When Prime Minister Kamla Persad-Bissessar laid in Parliament the then eagerly awaited Central Audit Committee report of the Ministry of Finance on the Ministry of Sport's LifeSport programme on July 25, 2014, she made this telling statement:
"Given the fact that the Central Audit Committee has raised the possibility of complicity by ministry officials, the report will be sent to the Integrity Commission and the head of the public service for further investigation, consideration and action."
At the time, the Permanent Secretary and accounting officer for the Ministry of Sport, Ashwin Creed, was on leave and had also indicated his intention not to return to the public service. As indicated by the Permanent Secretary to the Prime Minister and head of the Public Service, Reynold Cooper, Mr Creed subsequently changed his mind and there is nothing the government could do about it. Really?
Ministry of International Trade and Communications, Vasant Bharath, who initially claimed that the government and Prime Minister had no power intervene in the matter, has since amended his position after it emerged that the Prime Minister had approved the transfer.
Mr Bharath is now saying that the Prime Minister's approval was really perfunctory and that there was nothing the Prime Minister could do once she received the request.
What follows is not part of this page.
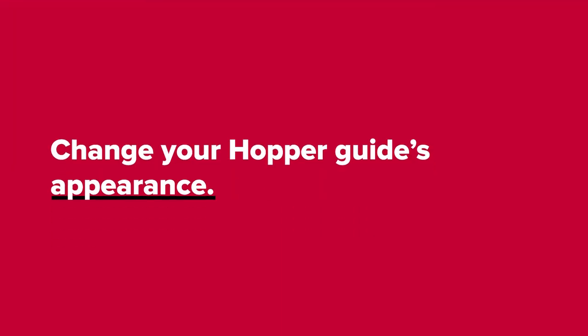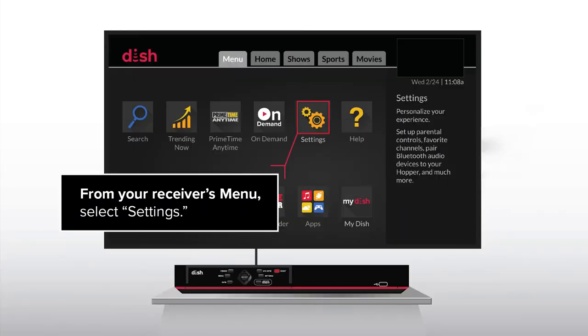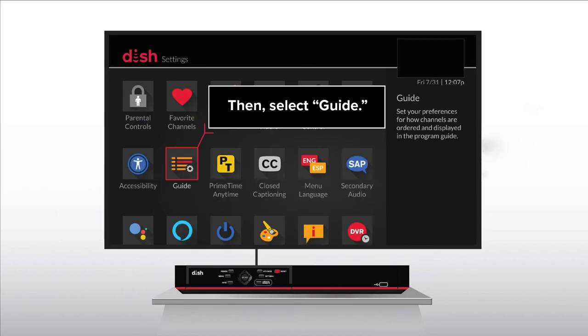Change your Hopper guide's appearance. From your receiver's menu, select Settings, then select Guide.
He also added that unlike previous prime ministers, Mrs Persad-Bissessar does not get involved in the running of the public service.
Mr Bharath seems unaware that the Prime Minister has a significant role to play, under the Constitution, in the deployment of the human resources of the public service. And contrary to Mr Bharath's revisionist history, Mrs Persad-Bissessar played precisely such a role when she vetoed the appointment of the Public Service Commission's choice for head of the Financial Intelligence Unit, Michelle Austin, in favour of Susan Francois, the administration's preferred choice for the position.
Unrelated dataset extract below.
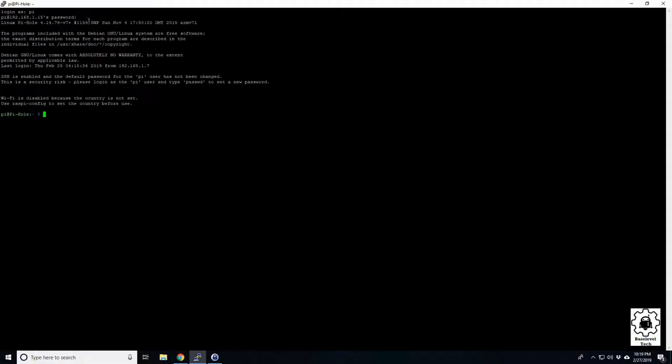I do recommend you change this. I just leave it the same for simplicity. If you don't have your SSH enabled or if you don't have your login changed, I'll show you how to do that real quick.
The Prime Minister has tremendous power, including that of moral suasion, under the Constitution to deal with Mr Creed and the accusations against him. The Prime Minister must have been apprised of Mr Creed's decision to renege on his application to seek early retirement and could have put machinery in train to have him retired on the grounds of public interest.
According to former PSC Chairman Ken Lalla in The Public Service and Service Commissions: "In Trinidad and Tobago the Prime Minister may request the head of the Public Service to recommend or make representations to the Public Service Commission for the premature retirement of a Permanent Secretary who has attained the age of 50 years or his retirement on grounds of inefficiency or in the public interest as the case may be."
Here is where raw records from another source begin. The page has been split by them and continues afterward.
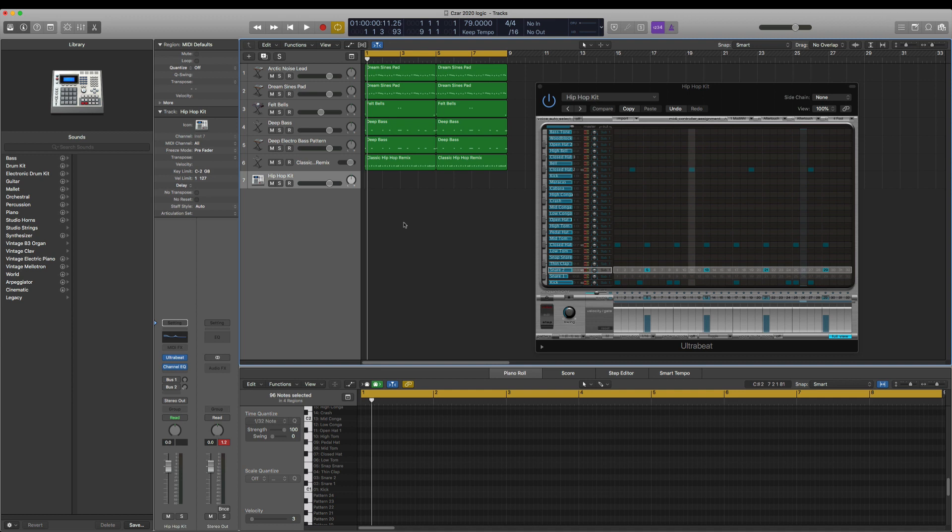So I've got a track that I made here in Logic, and this bottom track, the hip-hop kit, you'll notice that there's nothing played there. That's because my drum pattern right now is in Ultra Beat. This is what it sounds like.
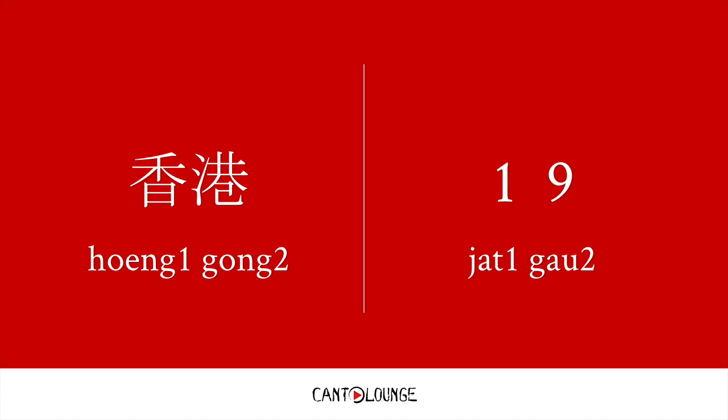Like this. So Hong Kong should be pronounced with the same pitches, same tones, as one and nine. Yi, gau, yi, hoeng, gau, gong. So you can use these numbers as reference points to remember your tones.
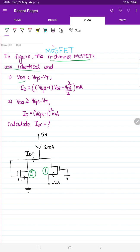The first condition: if the value of drain-to-source voltage VDS — where D denotes drain and S denotes source — is less than VGS minus VT, then the drain current ID (the current flowing from drain to source) will be equal to (VGS − 1)·VDS − VDS²/2 milliampere. The second condition: if VDS becomes greater than or equal to VGS minus VT, then the drain current will be (VGS − VT)² milliampere.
While there is a presumption of innocence and no charges have been laid against Mr Creed as yet, there are some people who would question why Mr Creed should resume his career in the public service at the Office of the Prime Minister.And questions might also be asked about what has become of the investigations being undertaken by the Integrity Commission and the head of the public service and whether there is a possibility of recommendations from those investigations in the near future.
What is clear is that as the accounting officer at the Ministry of Sport during the LifeSport programme, some of the responsibility for what transpired must rest with Mr Creed.